WHAT TO PRODUCE.
The listing is to be transcribed in full, with its images left out.

AVAILABLE DATA.
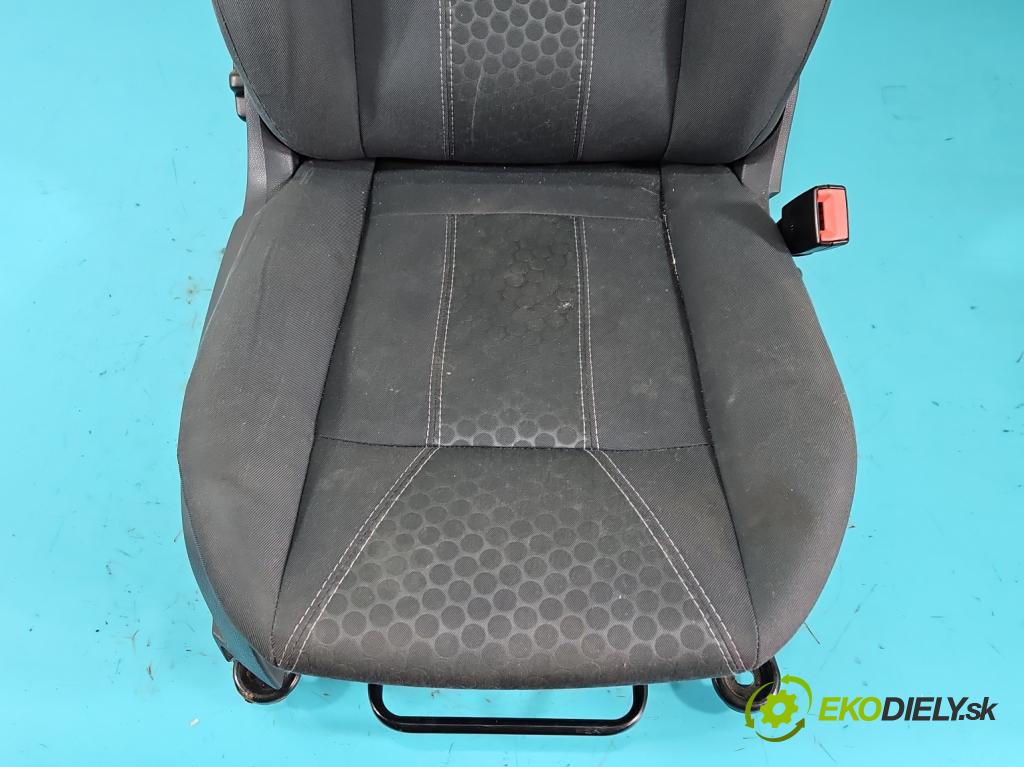 Ford Fiesta Mk7 2008-2017 1.6 16V 120 HP manual 88 kW 1596 cm3 5- Sedačka pravý  (Sedadlo)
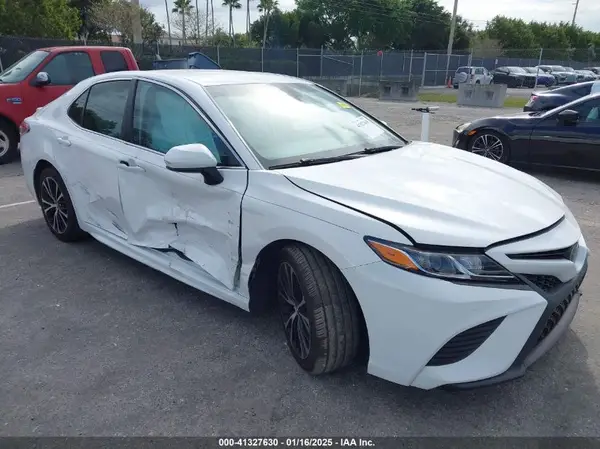 4T1B11HK5JU652765 2018 TOYOTA CAMRY - Image 1
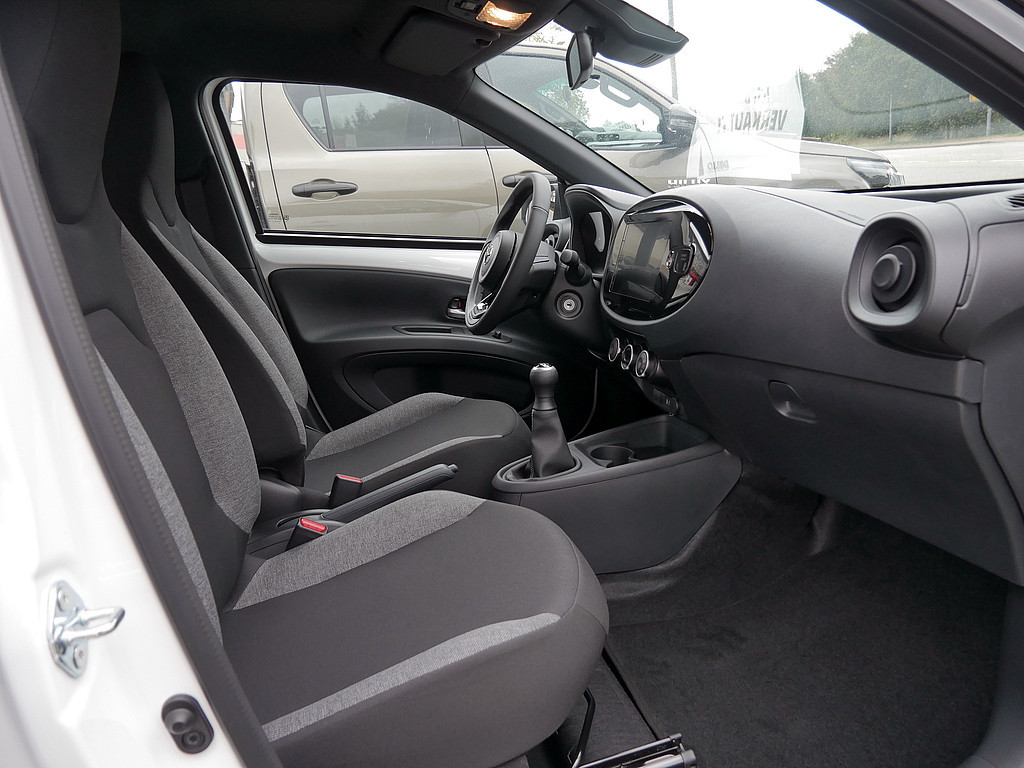 Fahrzeugansicht TOYOTA Aygo X 1.0 Play - Bild 28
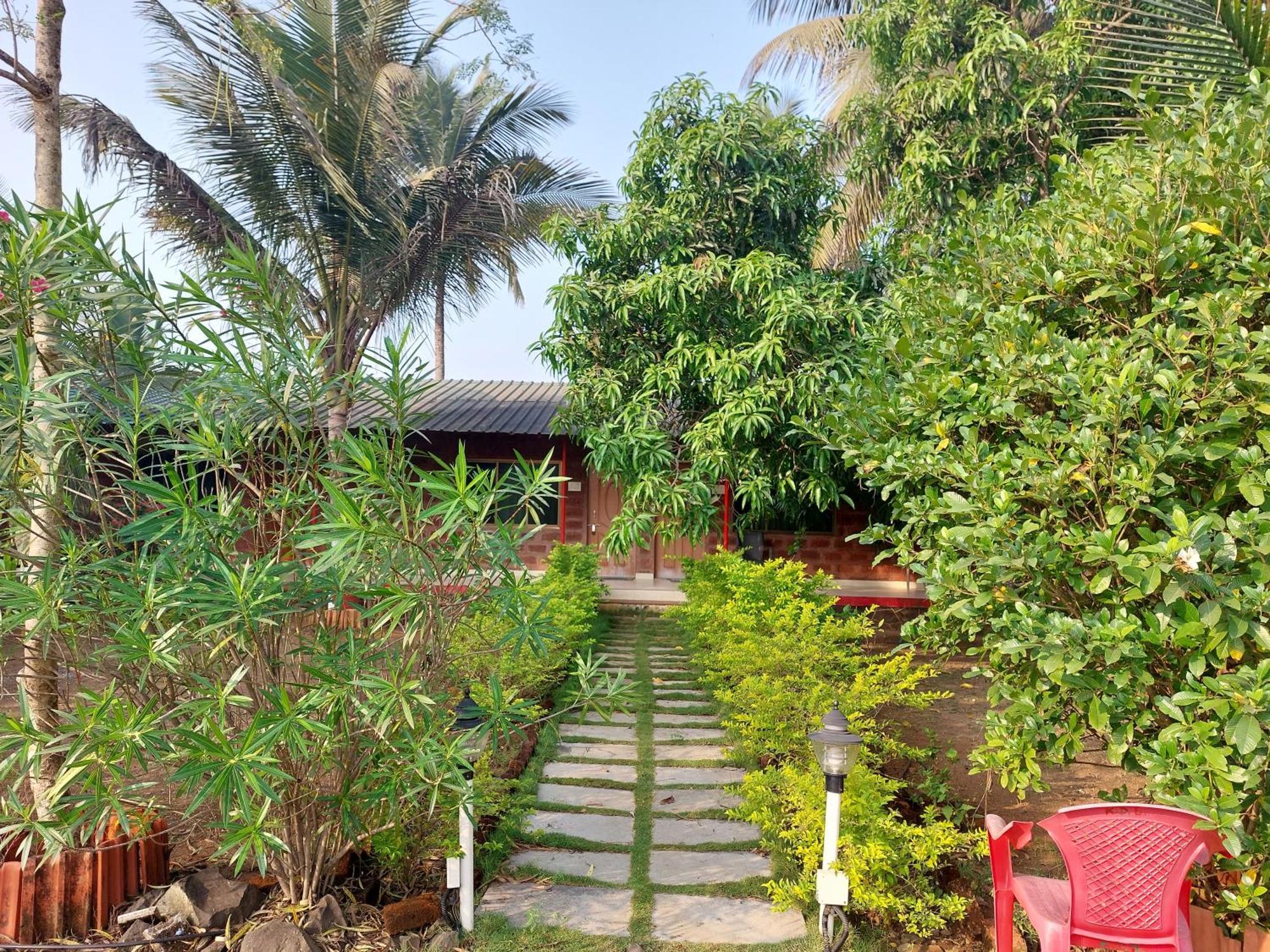 Prajakta Rest House Alibag Room photo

SOLUTION.
 Ford Fiesta Mk7 2008-2017 1.6 16V 120 HP manual 88 kW 1596 cm3 5- Sedačka pravý  (Sedadlo)
 4T1B11HK5JU652765 2018 TOYOTA CAMRY - Image 1
 Fahrzeugansicht TOYOTA Aygo X 1.0 Play - Bild 28
 Prajakta Rest House Alibag Room photo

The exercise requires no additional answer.